*** Data below Section Begins ***

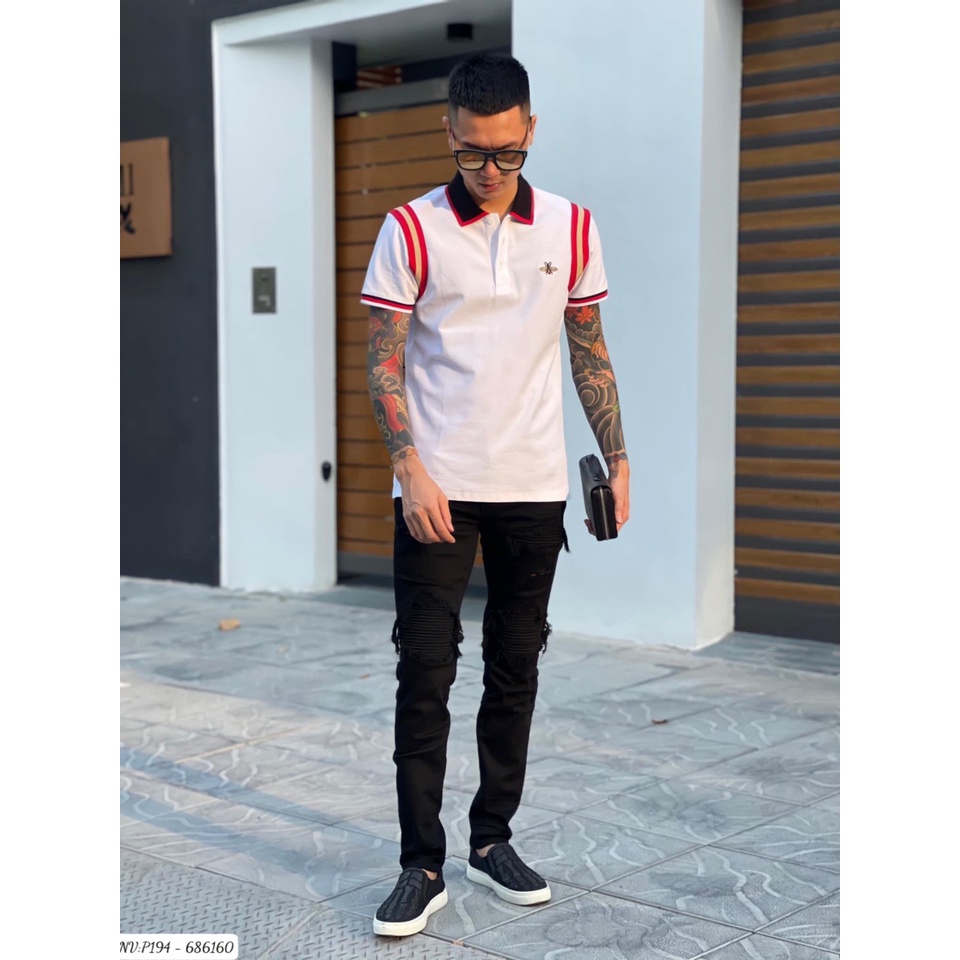 Áo Polo Nam Gc Phối Họa Tiết Viền Vai Và Hình Thêu Ong Ở Ngực - Áo Cổ Bẻ Nam Gc Chất Vải Gai Cao Cấp DT FASHION MENWEAR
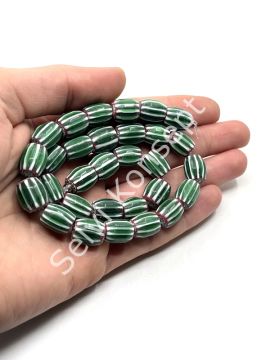El Yapımı Afrika Chevron Dizi Cam Boncuk Yeşil-Beyaz 10x12 mm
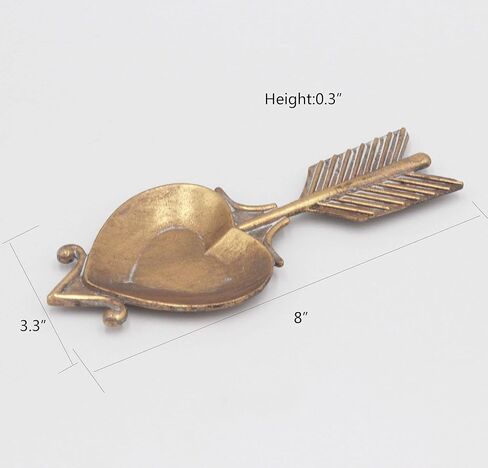 فنلي مي صينية مجوهرات ذهبية عتيقة بتصميم سهم الحب العتيق، حامل خاتم الزواج 8 × 3.3 انش in Kuwait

*** Data below Section Ends ***

# [Exercise details]
Write out all of the data above exactly, without any of its pictures.

# [Solved problem]
 Áo Polo Nam Gc Phối Họa Tiết Viền Vai Và Hình Thêu Ong Ở Ngực - Áo Cổ Bẻ Nam Gc Chất Vải Gai Cao Cấp DT FASHION MENWEAR
El Yapımı Afrika Chevron Dizi Cam Boncuk Yeşil-Beyaz 10x12 mm
 فنلي مي صينية مجوهرات ذهبية عتيقة بتصميم سهم الحب العتيق، حامل خاتم الزواج 8 × 3.3 انش in Kuwait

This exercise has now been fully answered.